WASHINGTON—House Financial Services Committee Chairman French Hill (R-AR) Tuesday voiced strong support for rolling back Dodd-Frank regulations, arguing the law’s one-size-fits-all mandates have unfairly burdened smaller financial institutions like credit unions.

In opening remarks at this week’s hearing reviewing the law’s 15-year impact, Hill said Dodd-Frank has diverted resources away from community service and toward regulatory compliance, while empowering unaccountable agencies and stifling capital markets.

French Hill

"Our colleagues across the aisle often criticize today’s banking system, but rarely do they acknowledge that it is a direct result of the policies they enacted after the 2008 financial crisis along party-lines,” Hill said. “Dodd-Frank was sold to the American people as a sweeping fix to prevent another crisis, yet over time it has become clear that this approach has not delivered as promised for Main Street.”

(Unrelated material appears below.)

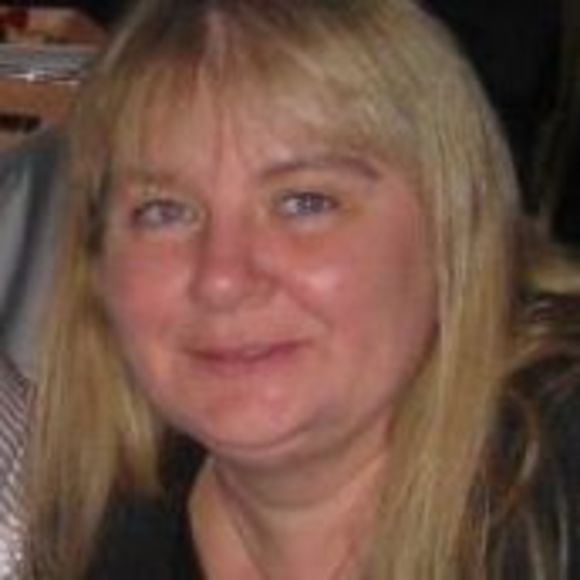 Profile Picture of Kim Spezzano (@kimbermonet) on Poshmark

Instead, Hill asserted, history shows the law punished community financial institutions through its one-size-fits-all mandates, shifted activity outside the banking system, created new and unaccountable agencies like the CFPB, and prioritized duplicative compliance and regulation by enforcement over actual consumer protection.

"These smaller institutions did not cause the crisis, but they have been forced to navigate new compliance burdens and divert resources away from serving their communities and toward satisfying Washington bureaucrats,” Hill stated. "The law created new agencies, like the CFPB, which has operated with unprecedented autonomy and minimal accountability to Congress or the American people.”

Hill pointed out that for 15 years, the financial system has lived under the shadow of Dodd-Frank.

The Law Was a 'Burden'

"This law didn’t just reshape banking, it rewrote the rules for our capital markets,” he said. “It handed the SEC sweeping new powers that have led to regulatory overreach, costly disclosure mandates, and mission creep into areas like corporate governance and executive compensation, areas historically governed by state law and protected by the business judgment rule.”

“For 15 years, these policies have burdened U.S. public companies while giving foreign competitors a leg up. Even worse, foreign private issuers were exempted from many of the most burdensome Dodd-Frank disclosure requirements,” Hill continued.

Hill acknowledged that healthy competition and innovation drive economic growth, creating more opportunities and better financial services for all Americans.

"Instead of burdening institutions with excessive red tape, we should be empowering them to better serve families, small businesses, and local communities,” he said. “That includes small and midsize companies trying to raise capital or grow through the public markets. Unfortunately, the complexity and costs imposed by Dodd-Frank have helped fuel the long-term decline in U.S. IPOs and discouraged companies from going public altogether.”

As the HFSC hearing examines the last 15 years, Hill encouraged representatives to do so with clear eyes.

"It’s also time to take a hard look at the rules that never made sense in the first place, rules that sit on the shelf and create needless uncertainty for market participants, just waiting for an unelected bureaucrat to dust them off and use them,” Hill said. “That’s not how our system should work. We must work together to craft thoughtful, bipartisan reforms that restore balance, foster growth, and protect consumers.”